From: Beyond Good and Evil.
Weighs as much as: A crate of Wal-Mart fertilizer
When this domesticated boar isn't doing machines like Donatello, he's helping raise a smokin' hot photographer and tending to a pile of screaming orphans. Humans and pigs living together? Mass Hysteria! You may think this agreeable fatty appears somewhat slovenly, but for a pig he’s a regular Dapper Dan.
Pey’j refrains from rolling in his own excrement long enough to help Jade set up many a combo.
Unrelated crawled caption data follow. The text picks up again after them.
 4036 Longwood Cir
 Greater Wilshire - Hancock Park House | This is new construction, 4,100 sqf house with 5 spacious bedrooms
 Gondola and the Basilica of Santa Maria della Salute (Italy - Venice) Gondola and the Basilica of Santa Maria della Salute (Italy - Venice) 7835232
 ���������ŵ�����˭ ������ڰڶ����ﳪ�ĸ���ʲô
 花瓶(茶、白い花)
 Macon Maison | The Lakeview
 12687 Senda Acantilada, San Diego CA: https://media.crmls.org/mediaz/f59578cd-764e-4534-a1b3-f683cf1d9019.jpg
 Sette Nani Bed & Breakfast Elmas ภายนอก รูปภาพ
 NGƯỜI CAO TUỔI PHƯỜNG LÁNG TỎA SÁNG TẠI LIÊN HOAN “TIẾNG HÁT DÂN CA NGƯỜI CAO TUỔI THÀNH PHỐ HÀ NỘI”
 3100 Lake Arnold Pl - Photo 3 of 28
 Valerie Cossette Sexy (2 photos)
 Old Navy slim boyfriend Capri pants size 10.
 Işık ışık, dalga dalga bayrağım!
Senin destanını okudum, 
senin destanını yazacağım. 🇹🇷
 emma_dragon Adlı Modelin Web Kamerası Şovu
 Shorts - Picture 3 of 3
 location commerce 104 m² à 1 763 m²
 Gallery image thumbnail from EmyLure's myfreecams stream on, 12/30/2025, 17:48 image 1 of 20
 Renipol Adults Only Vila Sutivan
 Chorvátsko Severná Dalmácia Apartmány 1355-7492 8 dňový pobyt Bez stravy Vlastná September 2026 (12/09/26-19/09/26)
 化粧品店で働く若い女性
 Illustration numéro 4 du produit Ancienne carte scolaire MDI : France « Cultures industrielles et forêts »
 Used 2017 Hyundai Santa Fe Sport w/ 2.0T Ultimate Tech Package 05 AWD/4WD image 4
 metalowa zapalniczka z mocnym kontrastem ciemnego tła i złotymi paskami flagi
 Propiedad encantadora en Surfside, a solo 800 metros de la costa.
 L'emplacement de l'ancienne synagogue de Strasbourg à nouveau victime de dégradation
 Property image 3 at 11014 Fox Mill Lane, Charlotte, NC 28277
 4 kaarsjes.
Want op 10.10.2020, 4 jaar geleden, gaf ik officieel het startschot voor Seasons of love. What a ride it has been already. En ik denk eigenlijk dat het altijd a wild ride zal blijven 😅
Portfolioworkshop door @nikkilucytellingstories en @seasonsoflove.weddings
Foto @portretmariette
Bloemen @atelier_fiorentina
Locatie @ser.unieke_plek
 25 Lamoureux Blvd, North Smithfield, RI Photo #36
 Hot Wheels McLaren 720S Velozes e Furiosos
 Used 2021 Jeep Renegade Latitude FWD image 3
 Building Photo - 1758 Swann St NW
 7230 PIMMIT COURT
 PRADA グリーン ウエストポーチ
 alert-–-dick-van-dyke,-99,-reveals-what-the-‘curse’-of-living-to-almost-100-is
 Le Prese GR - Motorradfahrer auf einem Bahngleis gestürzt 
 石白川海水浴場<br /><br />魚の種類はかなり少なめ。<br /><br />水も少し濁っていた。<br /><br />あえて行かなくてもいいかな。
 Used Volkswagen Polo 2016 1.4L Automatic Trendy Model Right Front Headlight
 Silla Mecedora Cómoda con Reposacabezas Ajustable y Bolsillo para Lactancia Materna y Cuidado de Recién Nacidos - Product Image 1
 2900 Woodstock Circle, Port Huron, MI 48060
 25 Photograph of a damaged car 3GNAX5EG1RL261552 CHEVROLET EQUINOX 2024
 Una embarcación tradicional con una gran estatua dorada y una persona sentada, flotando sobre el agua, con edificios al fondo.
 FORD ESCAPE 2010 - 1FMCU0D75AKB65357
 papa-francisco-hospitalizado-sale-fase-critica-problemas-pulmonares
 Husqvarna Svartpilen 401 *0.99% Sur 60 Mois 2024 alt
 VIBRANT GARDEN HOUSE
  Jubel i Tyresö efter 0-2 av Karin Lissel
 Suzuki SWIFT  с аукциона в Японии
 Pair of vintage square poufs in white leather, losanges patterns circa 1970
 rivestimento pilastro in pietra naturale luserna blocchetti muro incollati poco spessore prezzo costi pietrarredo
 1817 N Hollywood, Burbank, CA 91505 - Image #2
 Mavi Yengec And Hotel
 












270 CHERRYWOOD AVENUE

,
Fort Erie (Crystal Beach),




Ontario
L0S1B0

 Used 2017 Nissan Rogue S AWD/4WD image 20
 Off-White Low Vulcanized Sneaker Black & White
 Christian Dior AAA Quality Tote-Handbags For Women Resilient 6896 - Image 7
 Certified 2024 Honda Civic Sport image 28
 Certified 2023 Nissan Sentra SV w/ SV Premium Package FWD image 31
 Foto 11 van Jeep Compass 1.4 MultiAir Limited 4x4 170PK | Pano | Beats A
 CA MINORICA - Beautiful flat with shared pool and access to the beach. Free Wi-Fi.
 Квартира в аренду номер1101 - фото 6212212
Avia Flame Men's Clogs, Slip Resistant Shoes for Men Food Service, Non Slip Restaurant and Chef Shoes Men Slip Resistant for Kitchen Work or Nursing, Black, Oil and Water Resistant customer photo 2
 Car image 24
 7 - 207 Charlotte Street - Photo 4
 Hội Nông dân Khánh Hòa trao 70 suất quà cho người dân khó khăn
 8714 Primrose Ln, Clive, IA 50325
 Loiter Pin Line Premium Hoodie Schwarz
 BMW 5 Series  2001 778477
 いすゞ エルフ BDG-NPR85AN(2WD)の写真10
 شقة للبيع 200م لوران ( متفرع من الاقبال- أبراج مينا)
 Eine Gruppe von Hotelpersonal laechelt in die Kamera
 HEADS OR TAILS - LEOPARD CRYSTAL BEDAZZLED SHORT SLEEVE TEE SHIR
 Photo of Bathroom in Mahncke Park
From: The Toe Jam & Earl series
Weighs as much as: A metric ton of funk
Sega’s alien lard ass is hip, with it, and overflowing with "fattitude." This Funkatronian was every bit as important to the rap movement as Rerun from What’s Happening?. If you’re ever confused as to who’s who in this thuggish hip-hop duo, remember, only fat people are named Earl. Strut it, homeslice!
So comfortable with his own plumpness, Earl refuses to wear a shirt, even while in the icy vacuum of space. Bold.
From: The Simpsons
Weighs as much as: An unstoppable merchandising empire
No stranger to adventures in obesity, the Simpsons’ patriarch is endowed with the ability to swell to even greater enormity. Homer even has the fortitude to use his immensely circular frame to roll around at breakneck speeds, an incredibly enjoyable activity few fatties have the stamina to perform.
In the ultimate student-versus-master scenario, Homer has to defeat his hero, Lard Lad, using the power of unsightly body mass.
From: Dead Rising
Weighs as much as: A mall full of lesser, undead fatties
If we didn’t love fatties so, we may not be able to forgive Jo for implying she’d rape a bound woman with a nightstick. But lucky for her, she sounds like a bulbous Joan Cusack and that’s just adorable!
Okay, Jo's a pretty despicable person... but you gotta give her a little credit for somehow hoisting that ginormous frame of hers out of bed every morning. Be sure to tip your forklift operator.